### WHAT IS REQUIRED:
All the data below goes into the copy word for word, but the pictures don't.

### DATASET CONTENT:

++++++

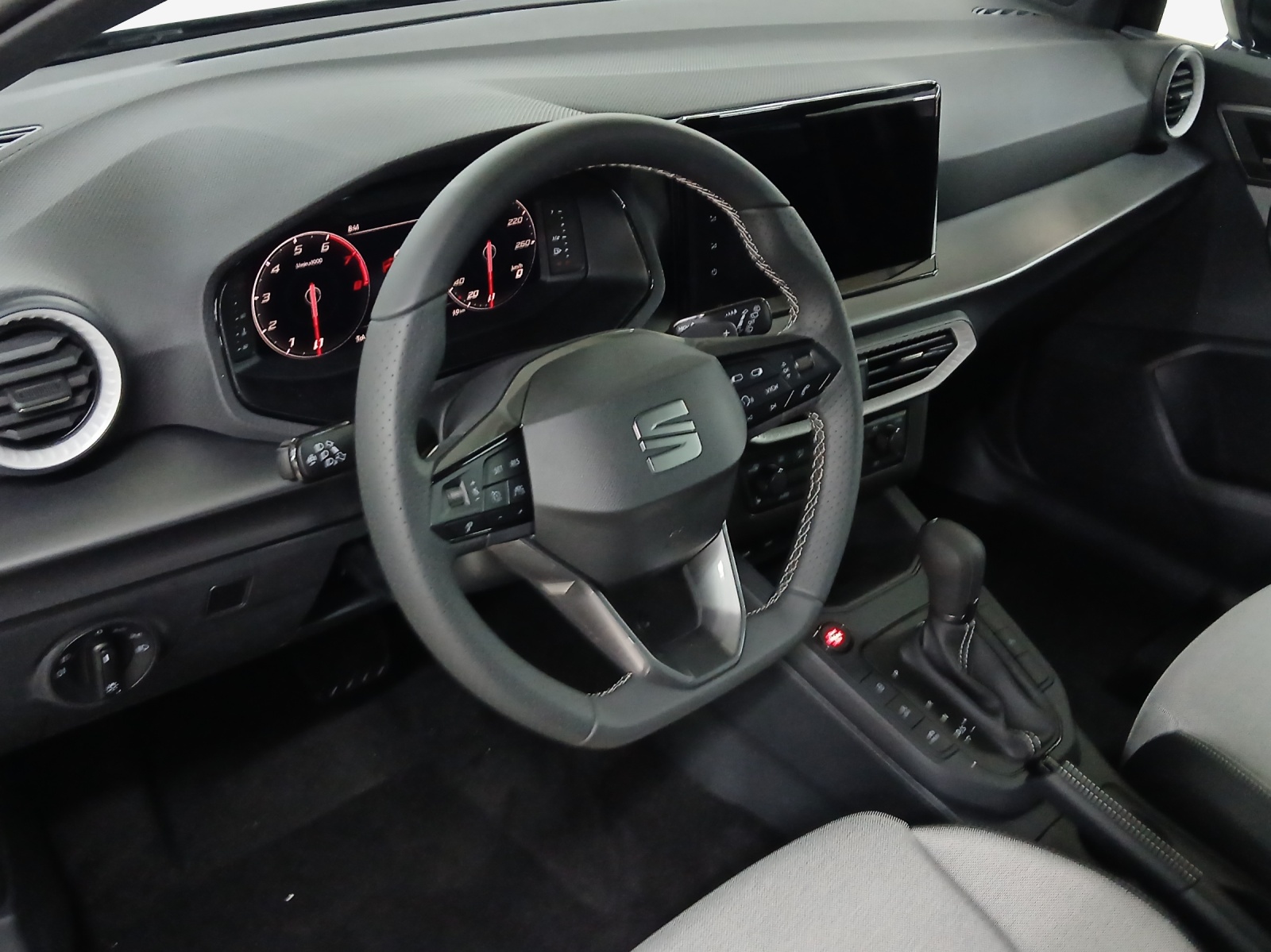 SEAT Ibiza 1.0 EcoTSI FR DSG-image-13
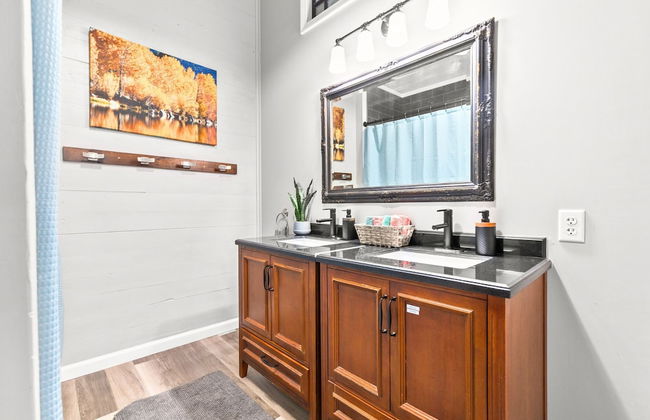 The Waterfront - Waterslide Game Room Sleeps 26 - Foto 28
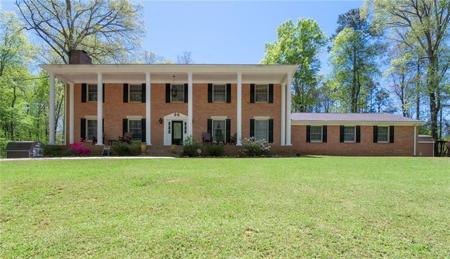 3275 BOB COX Road NW
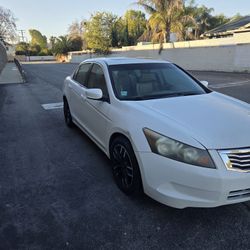 Vendo Honda Accord 2008 En Buenas Condiciones Titulo Limpio Con Placas AL Dia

++++++

### COMPLETED EXERCISE:
 SEAT Ibiza 1.0 EcoTSI FR DSG-image-13
 The Waterfront - Waterslide Game Room Sleeps 26 - Foto 28
 3275 BOB COX Road NW
 Vendo Honda Accord 2008 En Buenas Condiciones Titulo Limpio Con Placas AL Dia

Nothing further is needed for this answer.